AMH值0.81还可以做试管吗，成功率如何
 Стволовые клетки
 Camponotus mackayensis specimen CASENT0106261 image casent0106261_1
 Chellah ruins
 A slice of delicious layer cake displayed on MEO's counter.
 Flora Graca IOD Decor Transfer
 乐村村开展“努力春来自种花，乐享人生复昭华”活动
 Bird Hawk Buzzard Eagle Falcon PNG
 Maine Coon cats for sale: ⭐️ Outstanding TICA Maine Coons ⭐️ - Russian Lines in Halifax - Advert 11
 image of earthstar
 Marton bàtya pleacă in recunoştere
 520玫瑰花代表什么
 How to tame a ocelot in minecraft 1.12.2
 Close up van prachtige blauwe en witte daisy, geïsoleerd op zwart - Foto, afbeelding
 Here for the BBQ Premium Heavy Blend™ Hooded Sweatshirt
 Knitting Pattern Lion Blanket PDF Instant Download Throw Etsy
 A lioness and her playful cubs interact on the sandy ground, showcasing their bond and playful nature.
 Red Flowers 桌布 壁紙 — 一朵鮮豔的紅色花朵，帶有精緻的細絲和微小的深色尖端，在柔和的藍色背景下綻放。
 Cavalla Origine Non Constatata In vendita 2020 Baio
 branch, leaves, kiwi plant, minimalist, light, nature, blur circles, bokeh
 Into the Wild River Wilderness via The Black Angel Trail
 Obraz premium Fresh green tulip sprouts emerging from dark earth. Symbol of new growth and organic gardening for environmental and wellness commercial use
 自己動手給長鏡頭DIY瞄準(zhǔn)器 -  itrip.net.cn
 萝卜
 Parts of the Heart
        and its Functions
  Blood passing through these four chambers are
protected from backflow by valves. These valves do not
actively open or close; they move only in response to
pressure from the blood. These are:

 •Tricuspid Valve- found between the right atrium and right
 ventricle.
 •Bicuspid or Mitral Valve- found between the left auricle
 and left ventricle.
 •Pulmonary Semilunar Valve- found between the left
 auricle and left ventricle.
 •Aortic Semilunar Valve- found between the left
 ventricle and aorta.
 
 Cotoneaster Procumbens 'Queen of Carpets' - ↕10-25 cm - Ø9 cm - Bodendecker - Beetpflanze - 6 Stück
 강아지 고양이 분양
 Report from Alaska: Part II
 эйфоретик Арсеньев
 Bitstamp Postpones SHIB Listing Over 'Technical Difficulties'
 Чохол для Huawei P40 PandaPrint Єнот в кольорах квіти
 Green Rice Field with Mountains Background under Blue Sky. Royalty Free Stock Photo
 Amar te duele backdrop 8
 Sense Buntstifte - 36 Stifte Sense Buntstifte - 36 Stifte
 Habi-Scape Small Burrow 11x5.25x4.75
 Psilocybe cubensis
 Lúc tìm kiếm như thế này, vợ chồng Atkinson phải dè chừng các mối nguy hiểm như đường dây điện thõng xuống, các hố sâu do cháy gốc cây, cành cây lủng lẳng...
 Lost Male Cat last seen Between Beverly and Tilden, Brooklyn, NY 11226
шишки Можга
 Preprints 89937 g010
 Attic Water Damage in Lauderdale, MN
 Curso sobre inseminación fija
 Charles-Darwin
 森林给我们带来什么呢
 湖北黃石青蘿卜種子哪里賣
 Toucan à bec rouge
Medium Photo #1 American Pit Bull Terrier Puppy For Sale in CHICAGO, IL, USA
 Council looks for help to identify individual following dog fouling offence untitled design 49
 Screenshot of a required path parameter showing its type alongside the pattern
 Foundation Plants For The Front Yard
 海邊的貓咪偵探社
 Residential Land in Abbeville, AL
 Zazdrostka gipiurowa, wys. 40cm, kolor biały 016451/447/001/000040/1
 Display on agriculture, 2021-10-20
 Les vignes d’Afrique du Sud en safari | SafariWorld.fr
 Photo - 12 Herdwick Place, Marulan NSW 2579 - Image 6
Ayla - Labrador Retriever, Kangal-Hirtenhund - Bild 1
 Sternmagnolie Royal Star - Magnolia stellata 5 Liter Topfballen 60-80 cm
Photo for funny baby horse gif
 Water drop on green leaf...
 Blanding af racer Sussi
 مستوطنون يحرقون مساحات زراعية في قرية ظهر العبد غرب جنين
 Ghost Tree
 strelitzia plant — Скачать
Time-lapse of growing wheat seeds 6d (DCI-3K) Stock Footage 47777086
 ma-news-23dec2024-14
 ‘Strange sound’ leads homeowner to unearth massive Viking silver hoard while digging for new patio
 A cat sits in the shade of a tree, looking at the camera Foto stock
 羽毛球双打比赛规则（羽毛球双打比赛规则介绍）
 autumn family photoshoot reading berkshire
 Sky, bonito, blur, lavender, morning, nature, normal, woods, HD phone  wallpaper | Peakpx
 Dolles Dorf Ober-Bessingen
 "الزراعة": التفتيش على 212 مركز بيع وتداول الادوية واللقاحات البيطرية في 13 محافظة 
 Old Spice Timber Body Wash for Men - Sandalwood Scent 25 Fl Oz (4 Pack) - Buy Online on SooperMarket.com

**********

* Work to be completed: Retrieve each line from the records above where the word "Semilunar" occurs.

* Result:
 •Pulmonary Semilunar Valve- found between the left
 •Aortic Semilunar Valve- found between the left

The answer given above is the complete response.